**WHAT YOU ARE ASKED TO DO**
Without any of the pictures, set down the data below exactly.

**GIVEN DATA**
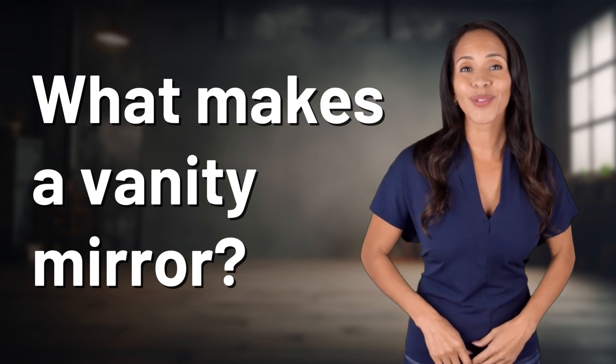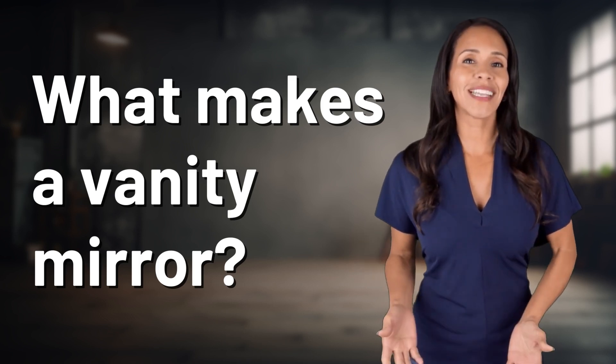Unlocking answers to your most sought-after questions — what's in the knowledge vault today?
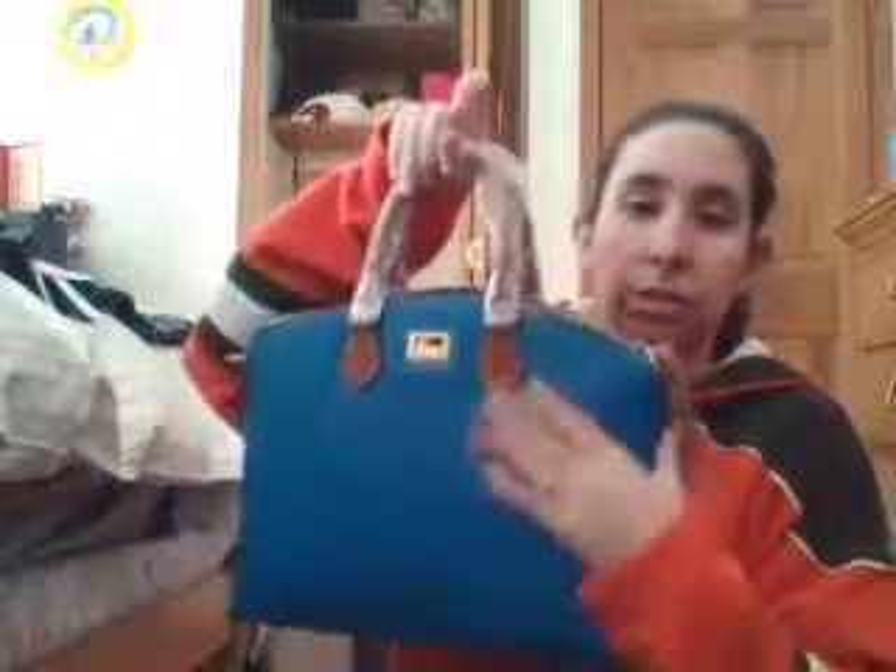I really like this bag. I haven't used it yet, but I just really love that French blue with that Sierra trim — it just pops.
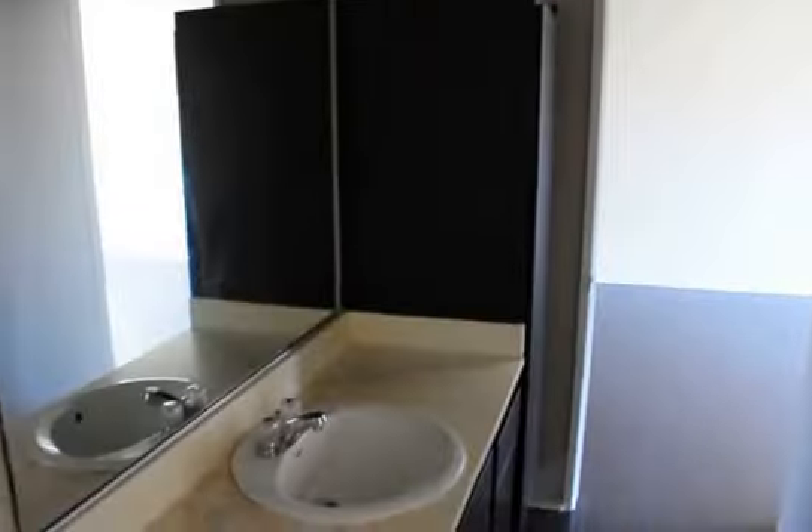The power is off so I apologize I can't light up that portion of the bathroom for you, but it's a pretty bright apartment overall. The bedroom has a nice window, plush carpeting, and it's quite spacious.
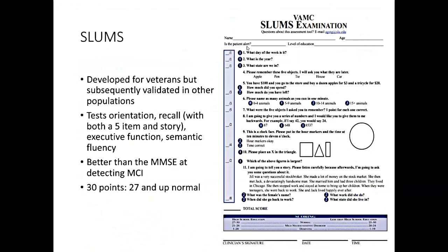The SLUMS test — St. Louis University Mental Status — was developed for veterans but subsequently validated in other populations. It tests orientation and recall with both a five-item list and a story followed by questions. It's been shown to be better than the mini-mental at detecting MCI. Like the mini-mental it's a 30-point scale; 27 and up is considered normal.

**WRITTEN ANSWER**
Unlocking answers to your most sought-after questions — what's in the knowledge vault today?
I really like this bag. I haven't used it yet, but I just really love that French blue with that Sierra trim — it just pops.
The power is off so I apologize I can't light up that portion of the bathroom for you, but it's a pretty bright apartment overall. The bedroom has a nice window, plush carpeting, and it's quite spacious.
The SLUMS test — St. Louis University Mental Status — was developed for veterans but subsequently validated in other populations. It tests orientation and recall with both a five-item list and a story followed by questions. It's been shown to be better than the mini-mental at detecting MCI. Like the mini-mental it's a 30-point scale; 27 and up is considered normal.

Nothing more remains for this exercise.